##### Data segment

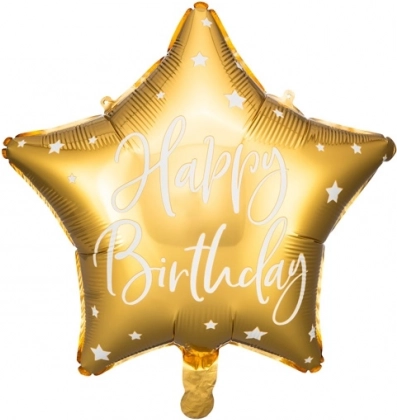 Foil Balloon Star Happy Birthday 40 cm Gold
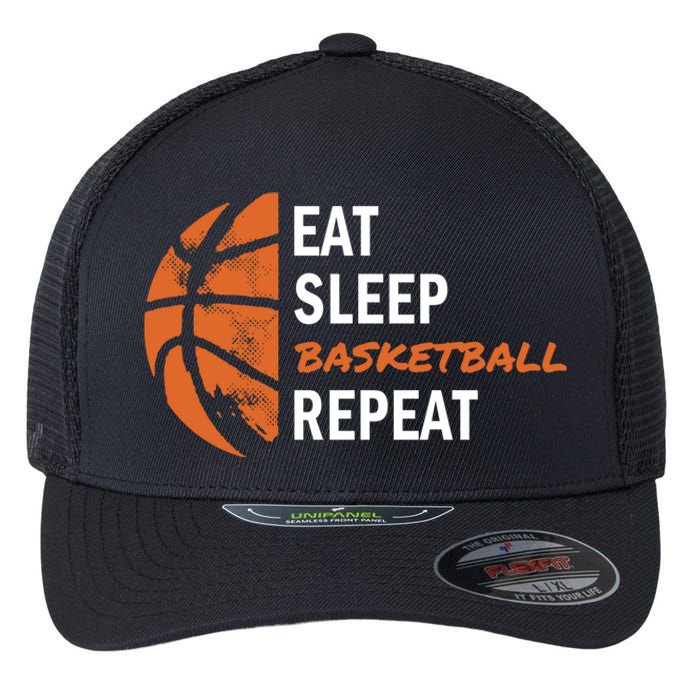 Funny Eat Sleep Basketball Repeat Sports Flexfit Unipanel Trucker Cap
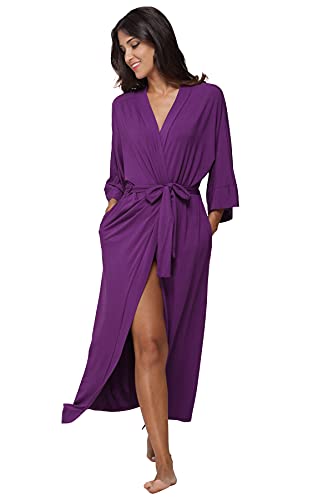 Women's Soft Robes Long Bath Robes Full Length Kimonos Sleepwear Dressing Gown,Solid Color - color: Purple, size: Medium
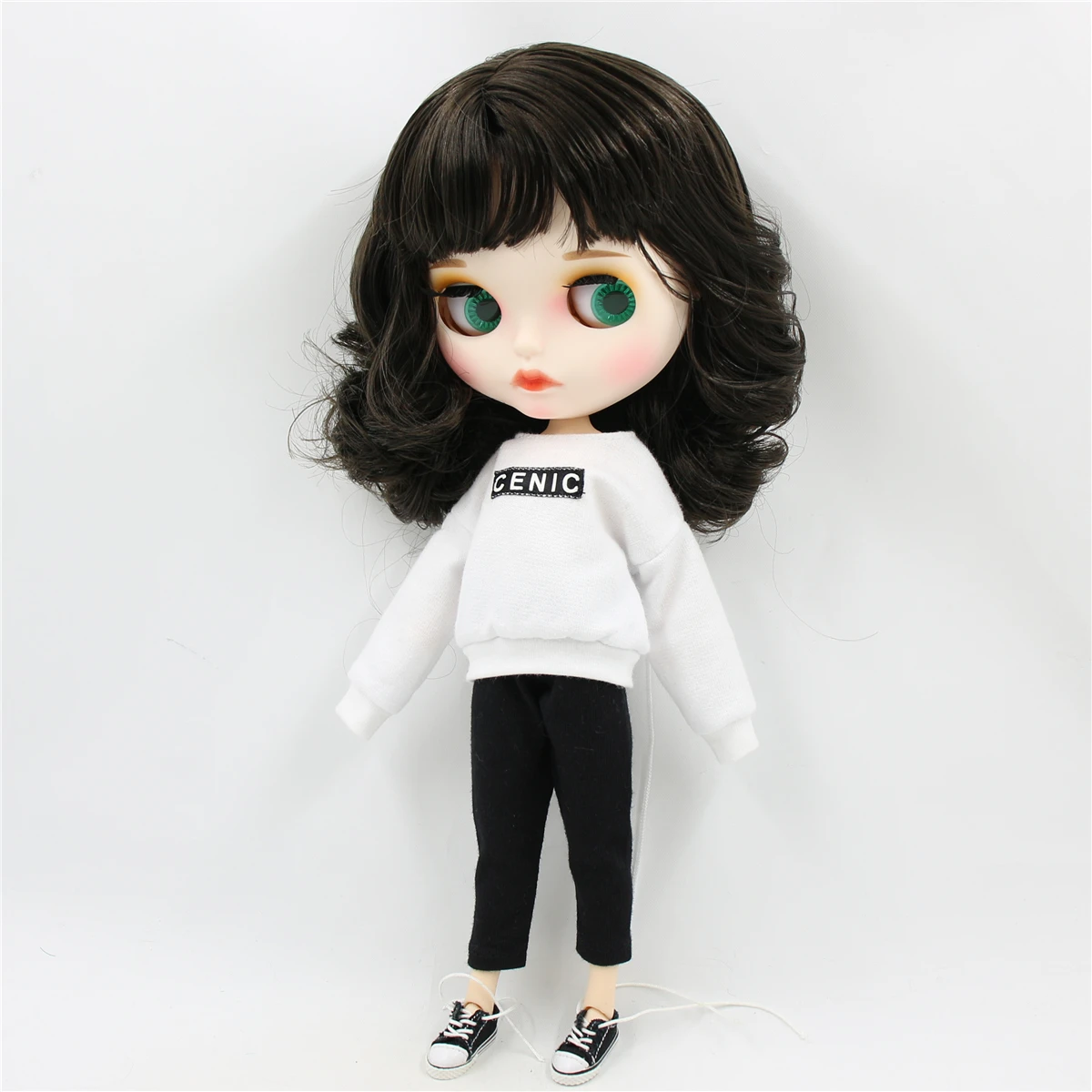 ICY DBS Blyth Doll 30cm Black Short Hair Pouting Lips Fair Skin Matte Face 19 Joints Doll Fashion Anime Girls Festival Gifts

##########

## What the task requires
Only the lines from the one with "Funny Eat Sleep" through the end of the listing above should be output, exactly as written and with no pictures.

## Expected output
 Funny Eat Sleep Basketball Repeat Sports Flexfit Unipanel Trucker Cap
 Women's Soft Robes Long Bath Robes Full Length Kimonos Sleepwear Dressing Gown,Solid Color - color: Purple, size: Medium
 ICY DBS Blyth Doll 30cm Black Short Hair Pouting Lips Fair Skin Matte Face 19 Joints Doll Fashion Anime Girls Festival Gifts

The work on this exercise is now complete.